Dataset:
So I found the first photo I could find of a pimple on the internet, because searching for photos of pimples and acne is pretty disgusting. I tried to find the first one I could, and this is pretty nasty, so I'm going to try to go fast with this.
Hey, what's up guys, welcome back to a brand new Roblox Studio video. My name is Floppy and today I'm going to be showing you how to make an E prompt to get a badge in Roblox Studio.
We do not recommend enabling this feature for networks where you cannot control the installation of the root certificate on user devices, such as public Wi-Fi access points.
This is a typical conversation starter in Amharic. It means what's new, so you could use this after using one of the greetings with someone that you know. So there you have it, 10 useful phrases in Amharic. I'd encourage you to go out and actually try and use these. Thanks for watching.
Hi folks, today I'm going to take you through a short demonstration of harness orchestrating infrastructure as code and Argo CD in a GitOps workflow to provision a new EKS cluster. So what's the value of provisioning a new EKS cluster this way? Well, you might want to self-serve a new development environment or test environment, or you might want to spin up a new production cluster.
---
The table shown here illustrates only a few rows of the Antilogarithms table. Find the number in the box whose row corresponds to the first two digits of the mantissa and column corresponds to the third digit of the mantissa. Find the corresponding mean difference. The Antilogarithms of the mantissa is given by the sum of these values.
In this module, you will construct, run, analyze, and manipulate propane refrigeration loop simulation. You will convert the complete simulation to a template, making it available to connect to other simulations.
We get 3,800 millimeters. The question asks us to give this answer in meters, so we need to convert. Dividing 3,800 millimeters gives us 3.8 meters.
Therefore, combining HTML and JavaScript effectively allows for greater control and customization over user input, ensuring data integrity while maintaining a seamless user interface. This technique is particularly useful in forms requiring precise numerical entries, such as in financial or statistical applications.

What you are asked to do: Using the entries above, extract exactly the span from the line with "The table shown" to the line with "We get 3,800", both lines included; leave out everything else.

Response:
The table shown here illustrates only a few rows of the Antilogarithms table. Find the number in the box whose row corresponds to the first two digits of the mantissa and column corresponds to the third digit of the mantissa. Find the corresponding mean difference. The Antilogarithms of the mantissa is given by the sum of these values.
In this module, you will construct, run, analyze, and manipulate propane refrigeration loop simulation. You will convert the complete simulation to a template, making it available to connect to other simulations.
We get 3,800 millimeters. The question asks us to give this answer in meters, so we need to convert. Dividing 3,800 millimeters gives us 3.8 meters.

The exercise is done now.